CRONACA

Ridotte a zombie

CRONACA – Dopo che nel 2006-2007 gli alveari americani sono stati dimezzati dalla sindrome da spopolamento delle colonie, dalle cause ancora da chiarire, le api faticano a riprendersi. Ci mancava solo l’Apocephalus borealis.

Per un libro sulla sindrome, ero stata dagli “apicoltori urbani” di San Francisco. Da marzo a novembre, portano le arnie nella parte incolta del Presidio, un grande parco sopra la città con laghi e colline dalle quali si vede la Baia. Le api di San Francisco stavano benissimo.

Benissimo, oddio… erano anch’esse afflitte da Varroa destructor, un acaro micidiale, a primavera soffrivano di diarrea per via di una muffa, la Nosema apis, ma in confronto a quelle sfruttate per l’agricoltura e sballottate sui Tir da un capo all’altro del paese da febbraio a novembre, quelle urbane scoppiavano di salute.

Su PLoS One però, Andrew Core della S.F. State University e altri ricercatori sotto la guida di John Hafernik raccontano di aver scoperto nel 2008 alcune api dell’università attaccate dall’Apocephalus borealis, una moscerina dura come un pidocchio che nel Nord America normalmente parassita solo vespe e bombi. Depone le uova nel loro addome, le larve s’infilano tra il torace e la testa dell’ospite che, letteralmente, la perde. Dal 2008 la situazione è peggiorata:

Abbiamo trovato un parassitismo diffuso da A. borealis in 7.417 Apis mellifera, 177 Bombus vosnesenskii e 18 B. melanopygus, reperiti in varie località della Bay Area di San Francisco. … In totale, un 77% delle arnie campionate era infetto.

Di solito le api non vanno in giro di notte. Invece

possiamo collegare per la prima volta l’attività notturna all’abbandono dell’alveare.  Prima abbiamo trovato api sotto e dentro le lampade del campus,  in svariate condizioni meteo, comprese fredde notti di pioggia quando non si vedeva un altro insetto attorno alle luci.

Le api “arenate” evidenziavano sintomi quali disorientamento (camminavano in cerchio) e perdita di equilibrio (non si reggevano sulle zampe).

Sembravano degli zombie, dice John Hafernik.

Diversamente dalla maggior parte degli insetti attratti dalla luce, le api arenate restavano inattive il giorno dopo fino alla morte.
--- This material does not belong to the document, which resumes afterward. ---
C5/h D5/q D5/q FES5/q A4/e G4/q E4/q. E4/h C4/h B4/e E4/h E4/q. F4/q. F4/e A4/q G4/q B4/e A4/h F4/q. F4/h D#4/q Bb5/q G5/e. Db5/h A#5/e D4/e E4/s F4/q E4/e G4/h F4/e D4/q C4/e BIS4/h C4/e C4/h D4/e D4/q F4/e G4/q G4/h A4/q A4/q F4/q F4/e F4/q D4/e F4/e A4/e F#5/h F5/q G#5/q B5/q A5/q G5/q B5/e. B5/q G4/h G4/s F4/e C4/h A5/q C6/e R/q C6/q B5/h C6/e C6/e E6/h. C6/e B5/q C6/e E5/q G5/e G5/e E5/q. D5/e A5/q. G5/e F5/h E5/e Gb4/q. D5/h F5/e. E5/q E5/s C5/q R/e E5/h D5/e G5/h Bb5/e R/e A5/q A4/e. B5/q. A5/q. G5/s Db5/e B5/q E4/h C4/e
Quelle che lasciavano l’alveare di notte erano molto più infette da A. borealis di quelle che uscivano a bottinare di giorno.

Era alto anche il loro tasso di infezione con il virus da ali deformi, spesso trasmesso dalla Varroa destructor, e con la Nosema ceranae, la muffa simile a quella precedente ma arrivata dalla Cina di recente e contro la quale hanno poche difese. L’A. borealis per ora sembra presente solo nella Baia di San Francisco e in colonie da noleggio nel Sud Dakota.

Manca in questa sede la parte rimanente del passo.